This SERP focuses specifically on users in Palmdale CA on a desktop. You can see that Google rewards ads that are in the user’s location, but also is confused as to the user’s intent. Note that the locations with ratings are not ads, but correspond to the points on the map in the top right corner.
This SERP has the same settings, but note how only position #1 and #2 are given the top of page treatment so the SERP can devote more real estate to map listings. Also, the uncertainty of the user’s intent is gone because of the addition of “near me.” Google only serves grooming services ads in those top spots, instead of the mix of ads for classes and services.

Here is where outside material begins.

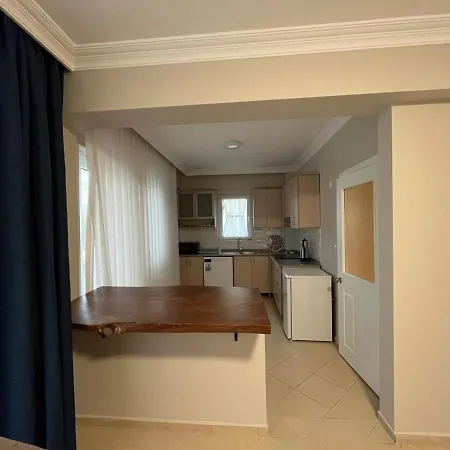 Apartment The Halcyon Fethiye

Once you know what the SERP looks like, you’ll be able to make an informed decision on whether to bid aggressively or hold back the budget for more clicks in a more opportune placement.
3. Keyword Cost Analysis
It is inevitable that some keywords, no matter how good they are, will fall outside your campaign’s budget. It is vital to be mindful of a keyword’s average CPC (cost per click), as well as top-of-page CPC, for the following reasons:
- A keyword with a high CPC can starve other keywords that would allow an ad group to deliver more clicks for the same price.
- Since ad groups function off of the same campaign budget, it’s possible to delay data acquisition on the viability of an ad group because one ad group has the most expensive keyword that got the click.
- If the campaign is set to Search with Display Select, underbidding on too many keywords will result in the bulk of the campaign budget being directed into the display network (which is less transactional and will inflate the account’s impressions without yielding clicks or conversions).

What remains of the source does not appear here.